- _Exercise aim_
Reproduce, exactly, the lines of the material below from the line containing "Photo of property" through the line containing "43岁李小璐穿短裙现身毕业典", with both end lines included and nothing else.

• • • •

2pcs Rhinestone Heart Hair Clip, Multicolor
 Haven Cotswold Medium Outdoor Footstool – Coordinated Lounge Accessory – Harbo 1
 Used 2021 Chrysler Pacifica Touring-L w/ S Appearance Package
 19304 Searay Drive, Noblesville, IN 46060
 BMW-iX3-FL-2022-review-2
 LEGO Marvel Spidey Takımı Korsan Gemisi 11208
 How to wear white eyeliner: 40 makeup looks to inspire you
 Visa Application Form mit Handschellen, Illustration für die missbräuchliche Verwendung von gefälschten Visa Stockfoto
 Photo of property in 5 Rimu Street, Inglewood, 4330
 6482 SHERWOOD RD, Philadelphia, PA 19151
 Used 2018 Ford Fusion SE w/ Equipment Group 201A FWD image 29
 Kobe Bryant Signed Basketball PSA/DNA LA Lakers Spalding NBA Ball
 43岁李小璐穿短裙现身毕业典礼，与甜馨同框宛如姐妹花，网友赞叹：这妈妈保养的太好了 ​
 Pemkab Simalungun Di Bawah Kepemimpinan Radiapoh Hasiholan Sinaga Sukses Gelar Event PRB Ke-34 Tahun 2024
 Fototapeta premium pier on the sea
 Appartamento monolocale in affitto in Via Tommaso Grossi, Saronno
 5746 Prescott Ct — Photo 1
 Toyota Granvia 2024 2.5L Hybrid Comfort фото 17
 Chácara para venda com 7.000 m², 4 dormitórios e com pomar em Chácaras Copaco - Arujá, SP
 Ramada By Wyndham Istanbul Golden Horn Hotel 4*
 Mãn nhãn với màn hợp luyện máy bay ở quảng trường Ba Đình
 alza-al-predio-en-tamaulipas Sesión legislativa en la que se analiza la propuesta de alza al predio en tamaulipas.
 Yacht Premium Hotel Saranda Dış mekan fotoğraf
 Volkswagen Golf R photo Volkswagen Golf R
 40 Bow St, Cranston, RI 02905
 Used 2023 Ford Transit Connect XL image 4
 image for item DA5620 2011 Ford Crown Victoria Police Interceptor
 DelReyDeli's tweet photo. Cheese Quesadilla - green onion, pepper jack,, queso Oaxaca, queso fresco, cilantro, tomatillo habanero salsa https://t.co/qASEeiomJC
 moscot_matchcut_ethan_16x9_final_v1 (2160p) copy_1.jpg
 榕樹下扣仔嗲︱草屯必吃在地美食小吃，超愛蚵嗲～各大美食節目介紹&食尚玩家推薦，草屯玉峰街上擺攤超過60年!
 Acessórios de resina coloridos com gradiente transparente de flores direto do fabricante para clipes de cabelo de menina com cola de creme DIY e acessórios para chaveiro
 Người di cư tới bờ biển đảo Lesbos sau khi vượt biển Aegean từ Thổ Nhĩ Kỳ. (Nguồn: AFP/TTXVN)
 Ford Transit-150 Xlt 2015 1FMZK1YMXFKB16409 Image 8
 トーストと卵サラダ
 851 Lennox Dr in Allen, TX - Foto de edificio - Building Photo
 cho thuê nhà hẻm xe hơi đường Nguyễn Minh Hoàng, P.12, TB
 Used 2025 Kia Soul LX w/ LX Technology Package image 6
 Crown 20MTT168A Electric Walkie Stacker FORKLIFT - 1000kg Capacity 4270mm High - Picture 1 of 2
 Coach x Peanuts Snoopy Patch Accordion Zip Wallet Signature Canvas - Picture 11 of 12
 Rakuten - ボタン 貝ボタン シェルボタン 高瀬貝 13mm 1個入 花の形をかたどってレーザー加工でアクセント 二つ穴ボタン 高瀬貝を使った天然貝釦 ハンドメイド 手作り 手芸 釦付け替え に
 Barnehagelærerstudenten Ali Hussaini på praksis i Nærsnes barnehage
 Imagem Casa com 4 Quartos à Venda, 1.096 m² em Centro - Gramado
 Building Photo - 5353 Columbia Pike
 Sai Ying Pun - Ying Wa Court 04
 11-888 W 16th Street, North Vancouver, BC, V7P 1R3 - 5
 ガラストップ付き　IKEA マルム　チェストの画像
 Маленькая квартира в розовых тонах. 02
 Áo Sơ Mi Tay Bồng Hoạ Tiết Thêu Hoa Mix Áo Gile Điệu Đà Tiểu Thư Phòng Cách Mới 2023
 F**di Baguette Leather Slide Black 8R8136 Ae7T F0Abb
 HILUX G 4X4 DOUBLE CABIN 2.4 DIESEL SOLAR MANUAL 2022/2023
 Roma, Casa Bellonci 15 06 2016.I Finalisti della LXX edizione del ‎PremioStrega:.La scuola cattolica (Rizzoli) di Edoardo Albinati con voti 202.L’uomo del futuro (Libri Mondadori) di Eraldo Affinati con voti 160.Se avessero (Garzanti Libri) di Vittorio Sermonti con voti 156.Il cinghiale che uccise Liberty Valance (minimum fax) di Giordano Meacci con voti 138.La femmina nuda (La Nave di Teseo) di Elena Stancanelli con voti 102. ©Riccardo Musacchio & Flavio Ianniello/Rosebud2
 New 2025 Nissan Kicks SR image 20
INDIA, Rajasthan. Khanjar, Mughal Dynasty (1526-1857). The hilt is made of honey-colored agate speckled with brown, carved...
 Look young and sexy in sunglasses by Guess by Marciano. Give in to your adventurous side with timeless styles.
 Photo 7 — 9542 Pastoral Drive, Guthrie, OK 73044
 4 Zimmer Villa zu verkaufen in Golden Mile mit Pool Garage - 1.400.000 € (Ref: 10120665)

• • • •

- _Answer to the problem_
 Photo of property in 5 Rimu Street, Inglewood, 4330
 6482 SHERWOOD RD, Philadelphia, PA 19151
 Used 2018 Ford Fusion SE w/ Equipment Group 201A FWD image 29
 Kobe Bryant Signed Basketball PSA/DNA LA Lakers Spalding NBA Ball
 43岁李小璐穿短裙现身毕业典礼，与甜馨同框宛如姐妹花，网友赞叹：这妈妈保养的太好了 ​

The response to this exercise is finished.